While hunting for interesting (and hopefully useful) water news just now we accidentally tripped over a synopsis of a book called The Big Thirst, a book written by Charles Fishman about our planet’s abundance of water, dependance on water, and ironically, its shortage of water.

While the little kid in us found it hilarious that a man with the word ‘fish’ in his name wrote a book about water, the synopsis quickly wiped the smirk off our face and replaced it with a look of awe. In that synopsis on the Water & Wastewater Blog we found this:

  • Water is never destroyed or used up. Today we’re drinking the same water the dinosaurs drank. (Is that Tyrannosaurus Rex pee in your glass?)
  • Water is the lubricant that allows the continents to move.
  • A 150-pound man is 90 pounds water.
  • The average American flushes 18.5 gallons of clean drinking water down the toilet every day.
  • An IBM chip factory in Vermont uses 3.2 million gallons of water a day.
  • In water-short Australia, a single wool processing factory uses 380,000 gallons of water daily.

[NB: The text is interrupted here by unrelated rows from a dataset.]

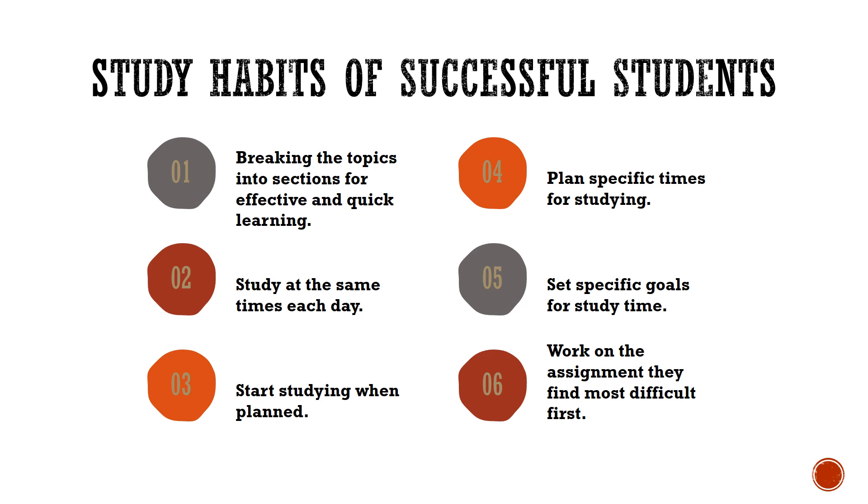Breaking topics into sections for effective and quick learning. Plan specific times for studying and study at the same times each day. Set specific goals for study time and start studying when planned.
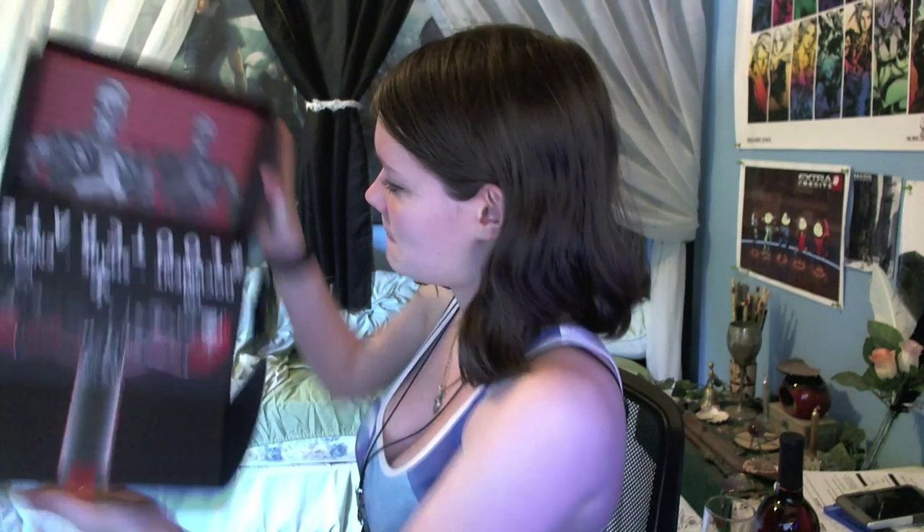And the actual box itself has a picture of the Terminator. Alright guys, that is it for this month's Loot Crate. If you liked the video, remember to leave a like, favorite, comment, and all that jazz. And I'll see you all in the next video.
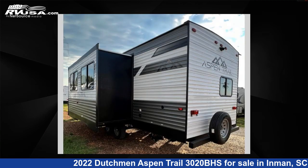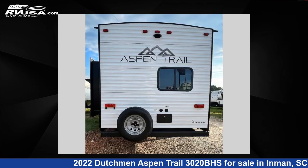The floor plan layout of this travel trailer features a bath-and-a-half, bunkhouse, front bedroom, and U-shaped dinette.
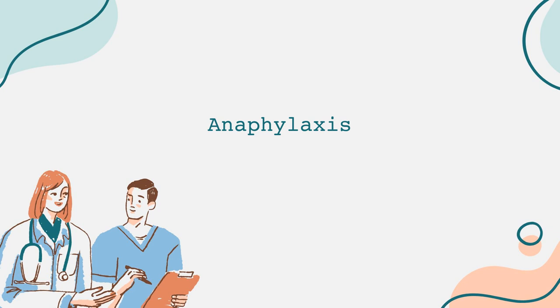Preventing anaphylaxis largely revolves around avoiding known allergens. This may include reading labels carefully, asking about food ingredients when eating out, and wearing a medical alert bracelet that informs others of the allergy. For those with severe allergies, carrying an epinephrine auto-injector and knowing how to use it can be life-saving. It's also important for friends, family, and colleagues to be educated about the individual's allergies and how to use the epinephrine auto-injector in case of emergencies.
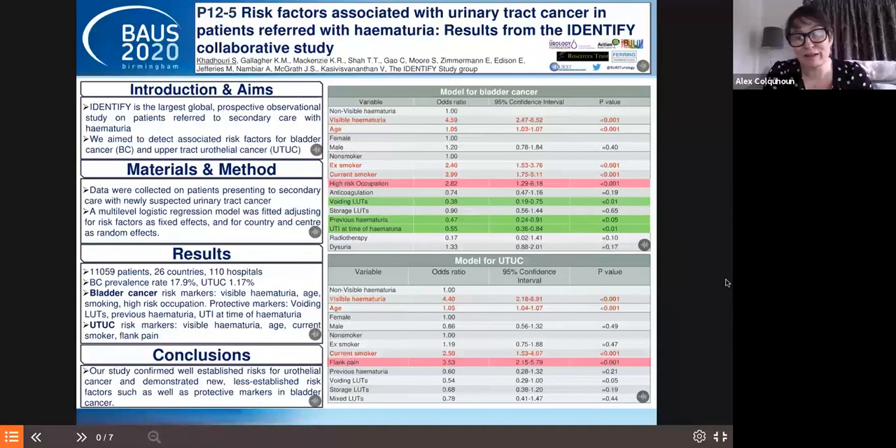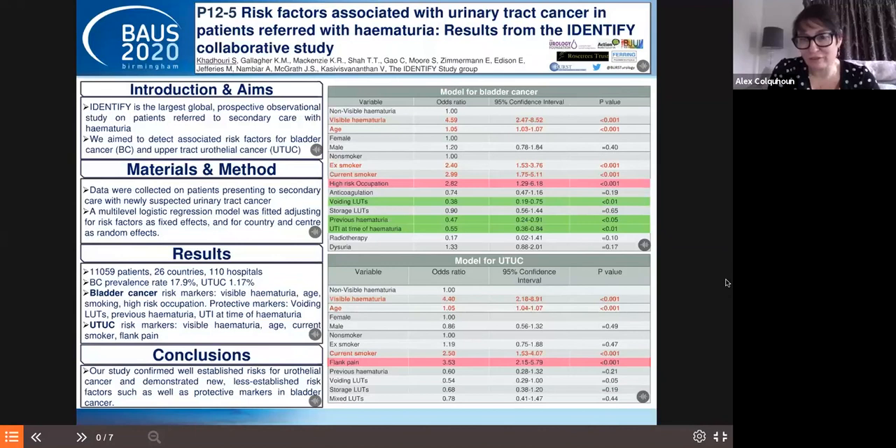The UTI finding at the time of hematuria almost validates the NG12 guidance that not all visible hematuria automatically requires investigation — the need to exclude UTI or other causes. This adds strength to the current referral criteria. The data is likely going to be used to hone history-taking in hematuria clinics and triaging for secondary care referral. Those with a UTI probably shouldn't have made it to the hematuria clinic in the first place.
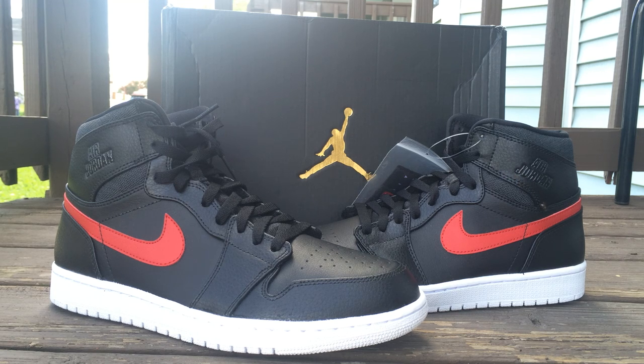Yo, what's good YouTube, this is Rob Dollar back with another video. Today I will be doing a review on the Rare Air Air Jordan Ones, the OG Highs.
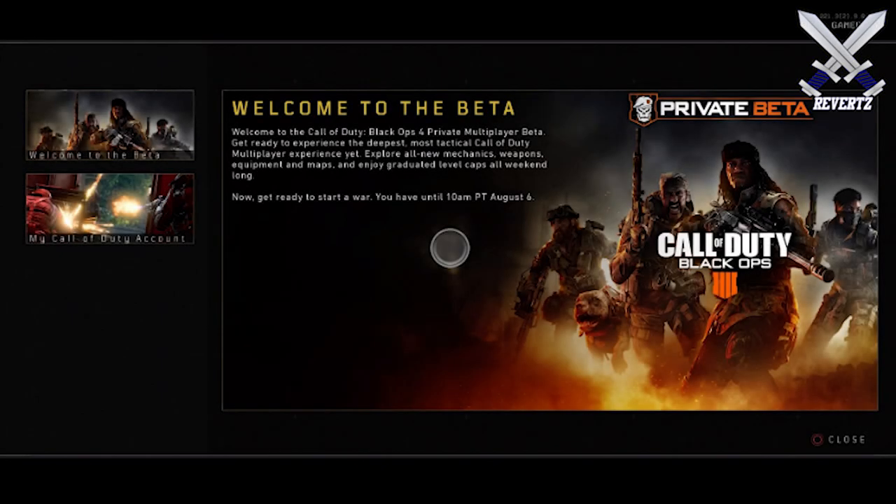Hey, what is up guys? MrTheReverts here and the Call of Duty Black Ops 4 beta is now live. You heard that right. The beta went live a day early and I'm going to be recording a lot of footage for you guys. I'm going to be uploading a lot of videos and I am just super, super excited. The menu screen looks so, so sick. I love everything about this, honestly.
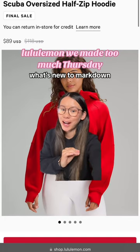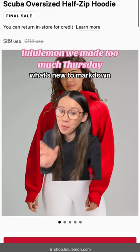This is probably the best We Made Too Much Thursday at Lululemon we've had in a long time. So buckle up and get your wallets ready.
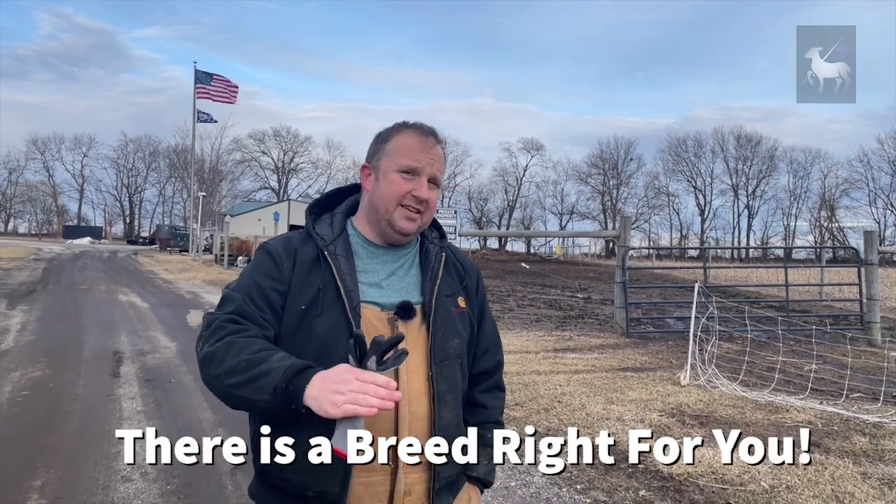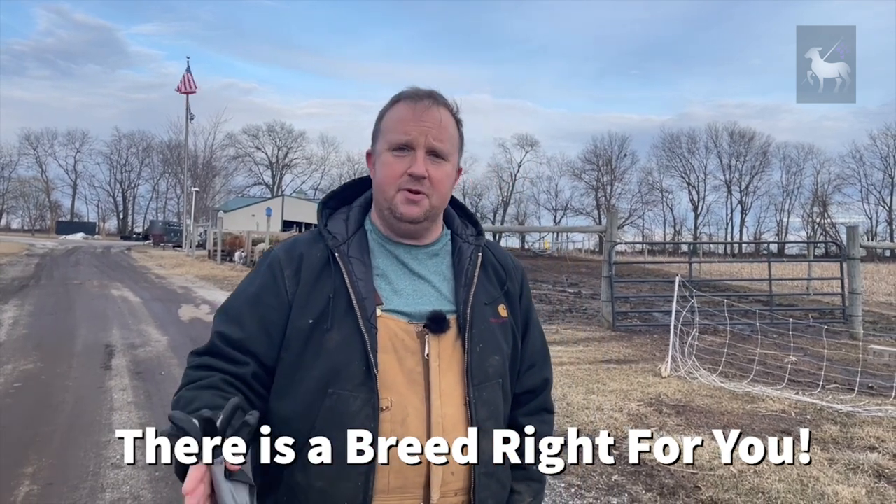There are a lot of things to consider. At the end of the day, there is no single right breed — there is a breed that's right for you, and that might actually be a crossbreed between a couple of different breeds. For example, a lot of universities utilize Finn sheep, breeding them into other breeds because they're very prolific. A lot of people breed in Polled Dorsets because they tend to breed out of season more easily. Positives and negatives with every single breed.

  • Also in Australia, a farmer pours 6 billion liters of water over 10,450 acres of rice fields.
  • A two-liter bottle of coke takes five liters of water to produce it.

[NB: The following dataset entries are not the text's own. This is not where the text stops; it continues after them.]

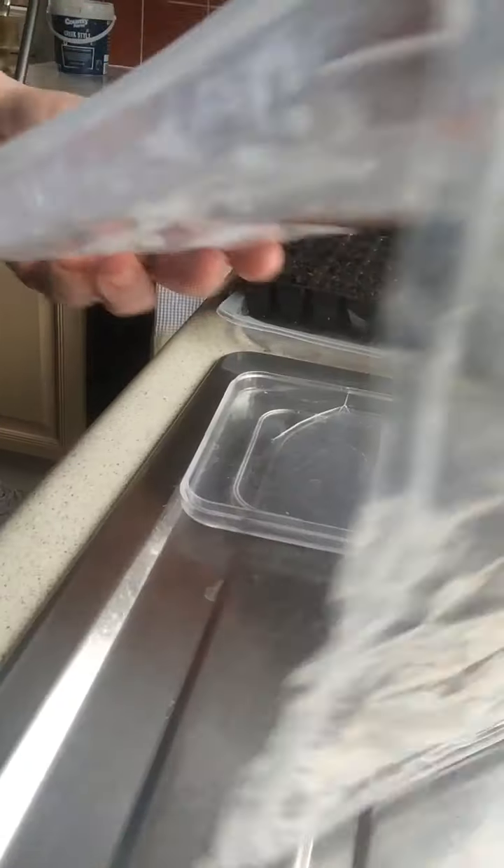I wanted to show you these — they are seeds from a very small cherry tomato that I had yesterday. I wanted to grow them on, and just from one tiny little cherry tomato there are probably about 20 plants there, or more, if I grow them very carefully.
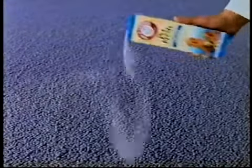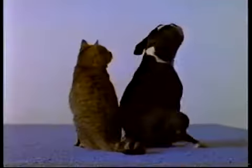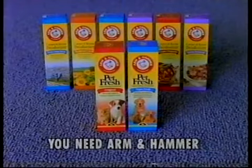It doesn't just cover up odors like ordinary deodorizers. See? It eliminates them with baking soda. No buts about it. If you've got pets in a carpet, you need Arm & Hammer Pet Fresh.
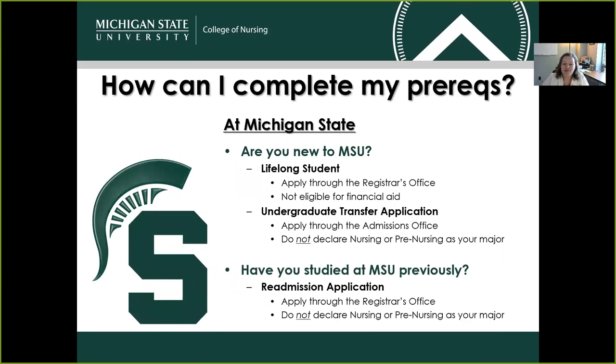If you have some prerequisites still to complete, you have options — either at Michigan State or elsewhere. If you're considering taking them at Michigan State and you're new to MSU, you can take those courses either as a lifelong student, applying through the registrar's office, though lifelong students are unfortunately not eligible for financial aid. Or you could apply as an undergraduate transfer student through the admissions office. If you go that route, you cannot declare nursing or pre-nursing as your major — those designations are saved for admitted nursing students or students coming straight from high school. We do see quite a few students declare majors such as Human Biology or Human Development and Family Studies.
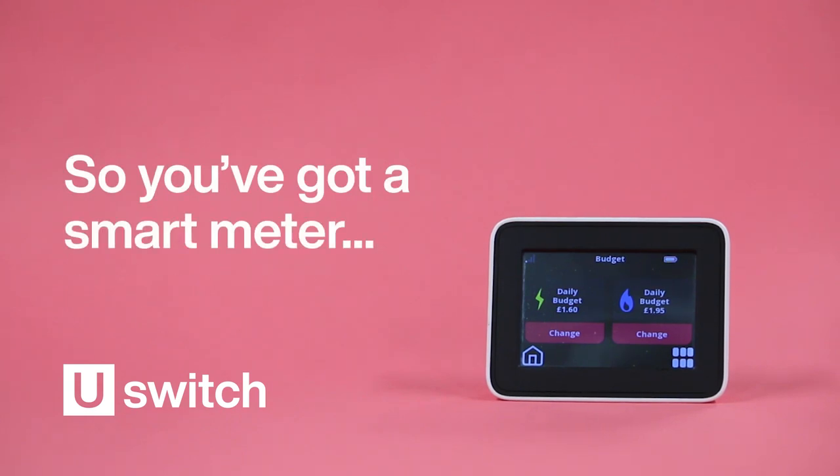So, you've got a smart meter — now what? These days, we're all doing what we can to cut down on costs and use less energy. And one of the best ways to do that has always been to get a smart meter installed.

  • 49 percent of water use in the US is for power plants.
  • The electricity you use at home requires 250 gallons of water per person per day.

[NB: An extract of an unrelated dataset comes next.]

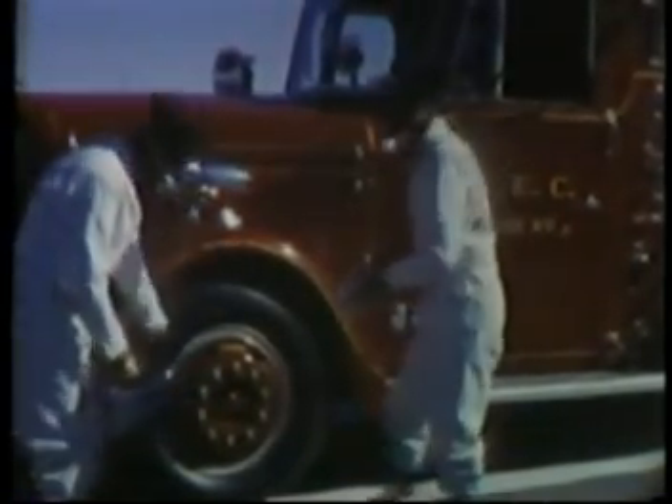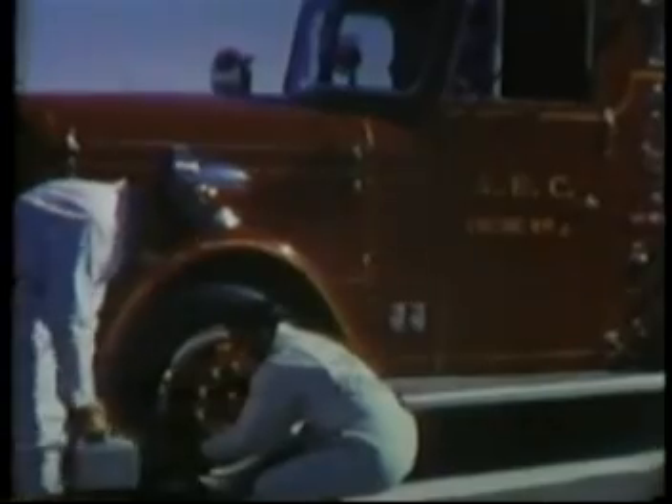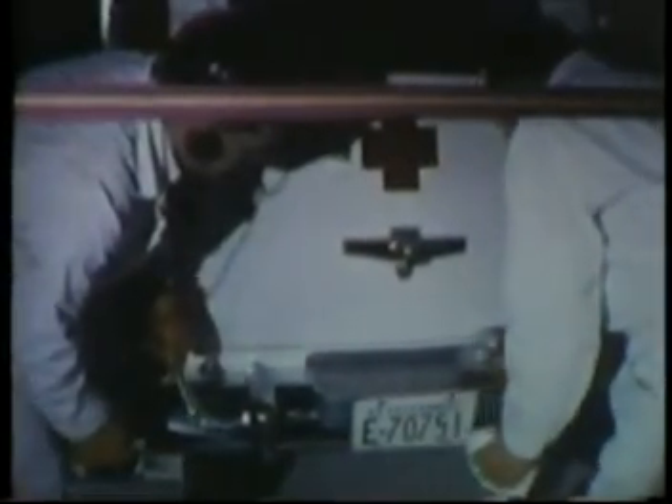Fire and ambulance equipment had to be decontaminated. The field command post, which was to serve for several weeks, had to be firmed up with additional trailers and power equipment.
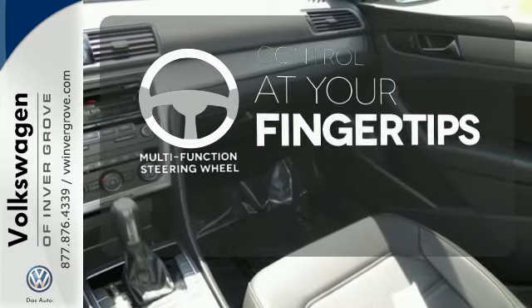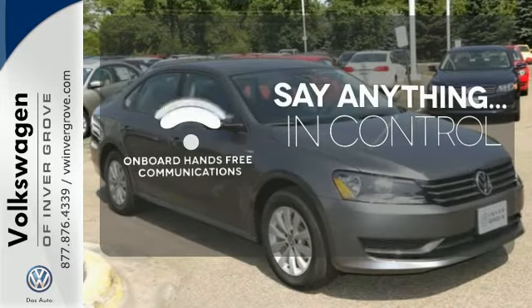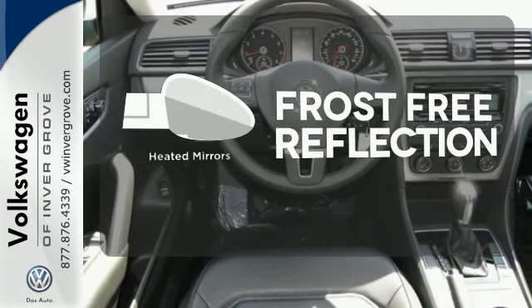A multifunction steering wheel puts control at your fingertips. The power of your voice has never been more clear with onboard hands-free communications. Say goodbye to the frost and never leave your car with the heated mirrors.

  • 1 ton of steel takes 300 tons of water.
  • At lift-off the space shuttles used one million gallons of water per minute (not to keep it cool but to buffer it against being shaken apart by the noise).
  • Of the world’s 6.9 billion people, 1.1 billion don’t have adequate water.
  • 5,000 children die every day from lack of water or diseases from tainted drinking water.
( source )

Quite honestly, we already knew about the toilet flushing statistic and the amount of water in a human being, but some of the other statistics blew us away.

If you found yourself as astonished by some of those numbers as we found ourselves, then you, too will probably go and check out what else Mr. Fishman has to say in The Big Thirst.